Stored dataset items:
◇ ◇ ◇ ◇ ◇
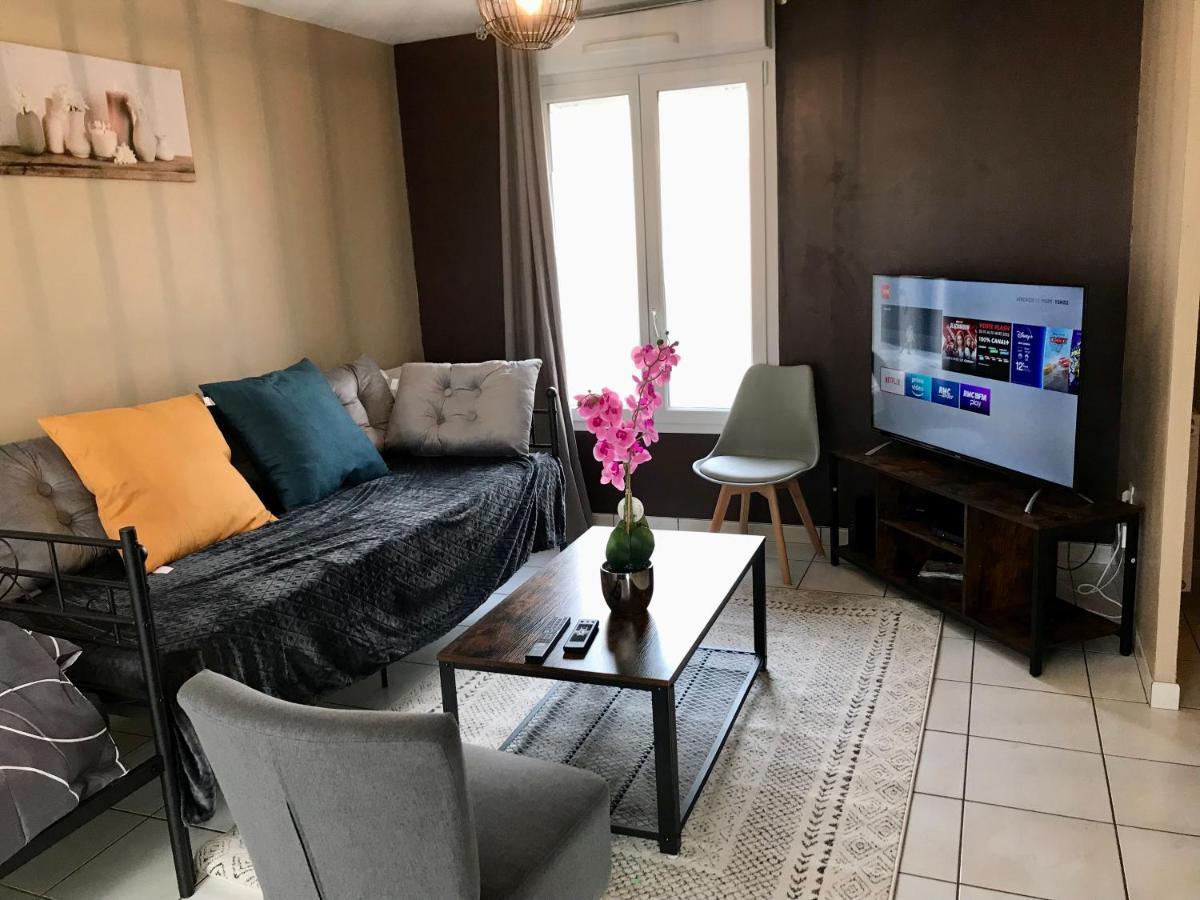 Agreable Maison Proche Gare Avec Parking Gratuit Le Mans Luaran gambar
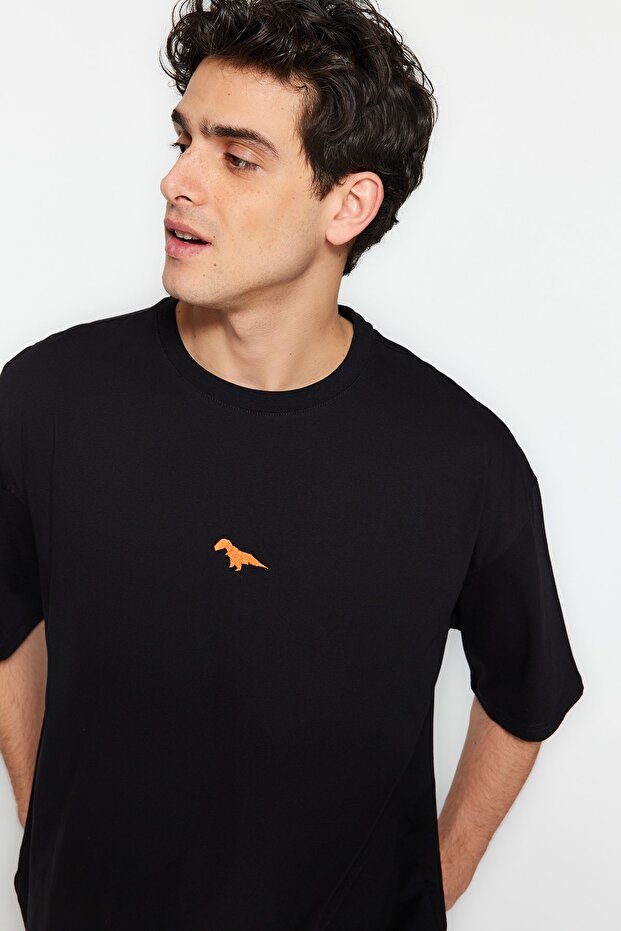 Siyah Oversize/Geniş Kesim Bisiklet Yaka Kısa Kol Dinozor İşlemeli T-Shirt TMNSS23TS00243 - 1
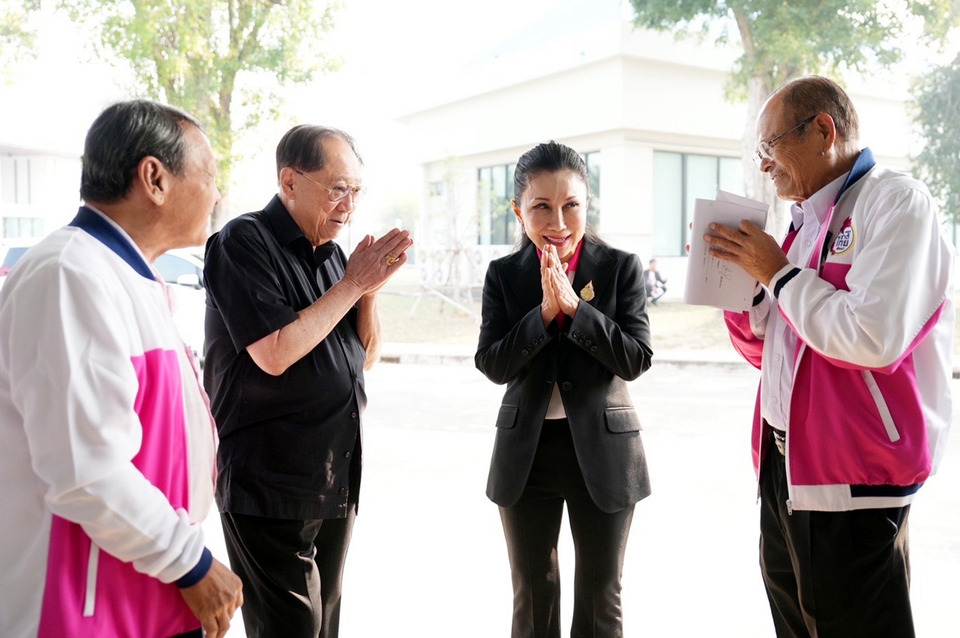 ชาติไทยพัฒนาเลือก "กัญจนา" นั่ง หน.พรรค ย้ำ "วราวุธ" ไม่ทิ้งพรรค แค่ย้ายเพื่อทำงานได้เต็มที่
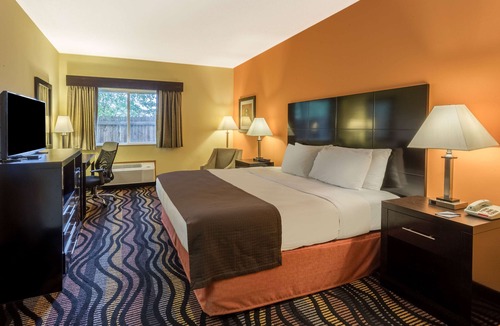 Streator Hotel | AmericInn by Wyndham Streator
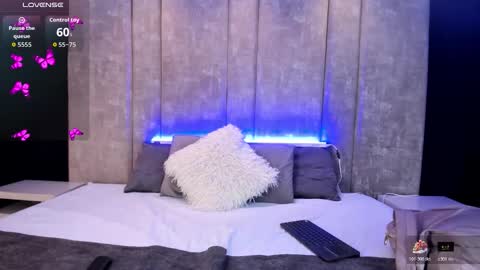 Snapshot of larabrook chatting on 02.03.26 Lara online show from 02.03.26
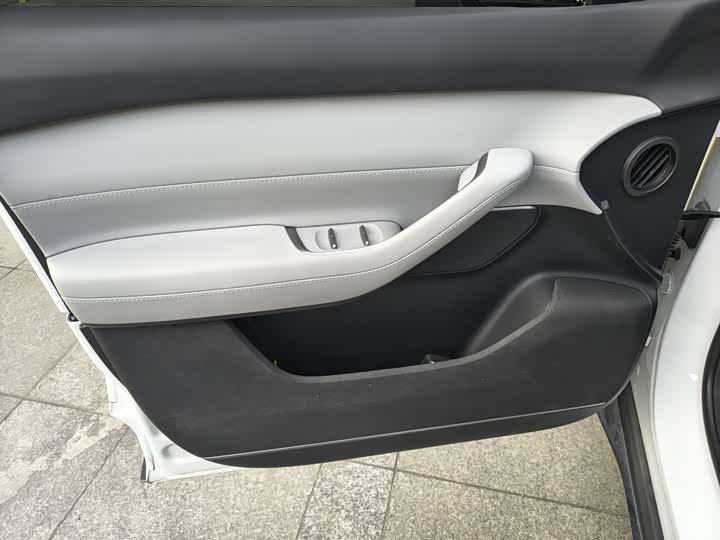 Фото 4 - Nio ES6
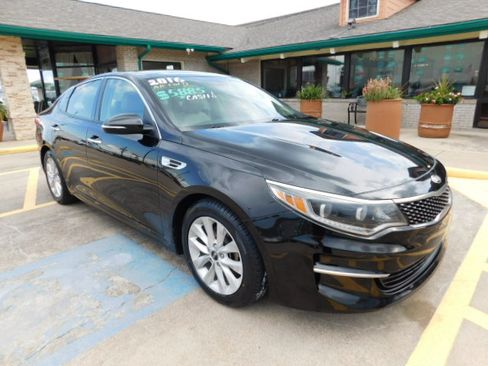 Used 2016 Kia Optima EX FWD image 2
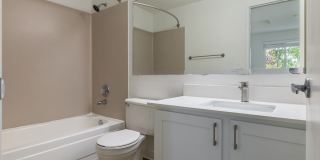 The Docks at Redmond Lakeview Gallery 27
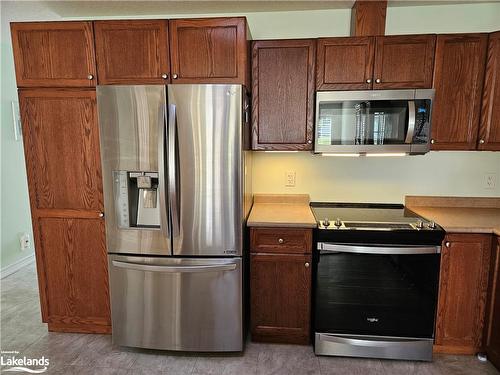 144 Meadow Lane, Wasaga Beach, ON - Indoor Photo Showing Kitchen With Stainless Steel Kitchen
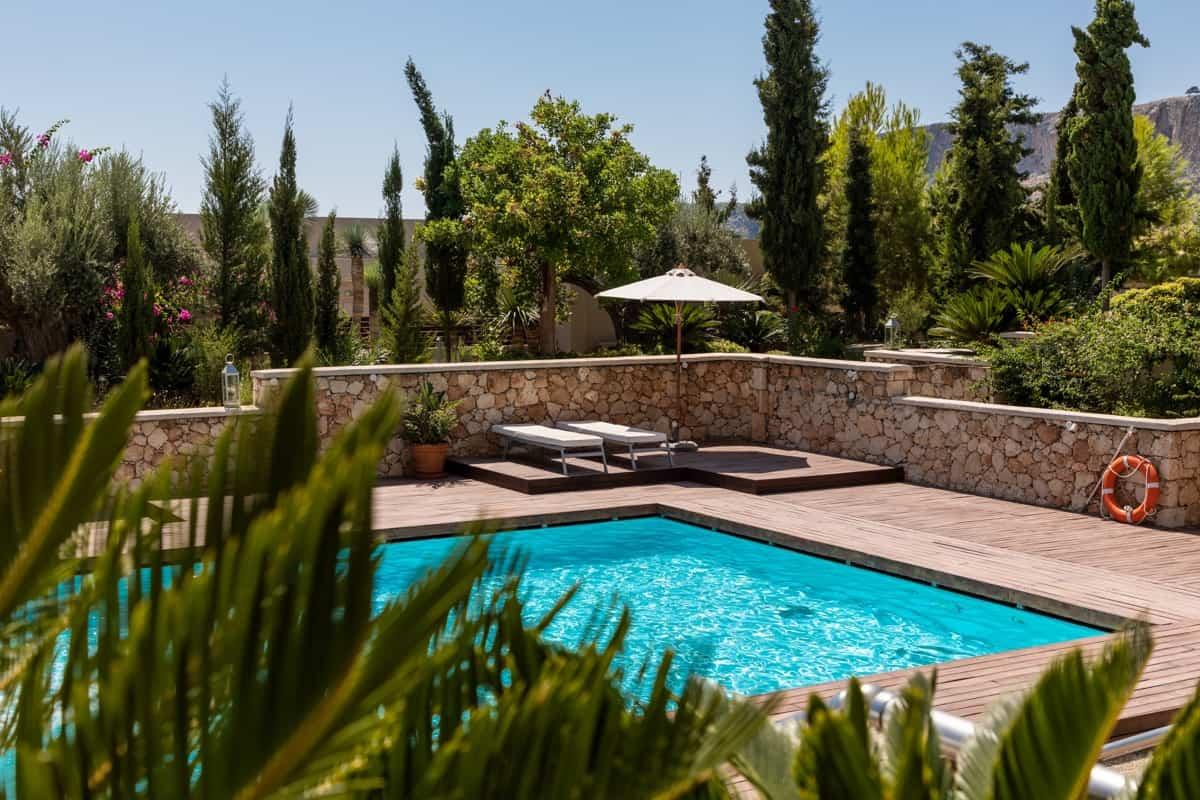 orden en una terraza con piscina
◇ ◇ ◇ ◇ ◇
▶ **Required action**
From the records above, copy exactly the lines starting at the one with "Siyah Oversize/Geniş Kesim" and ending at the one with "Streator Hotel |", and no others. Pictures stay out.

▶ **Expected answer**
 Siyah Oversize/Geniş Kesim Bisiklet Yaka Kısa Kol Dinozor İşlemeli T-Shirt TMNSS23TS00243 - 1
 ชาติไทยพัฒนาเลือก "กัญจนา" นั่ง หน.พรรค ย้ำ "วราวุธ" ไม่ทิ้งพรรค แค่ย้ายเพื่อทำงานได้เต็มที่
 Streator Hotel | AmericInn by Wyndham Streator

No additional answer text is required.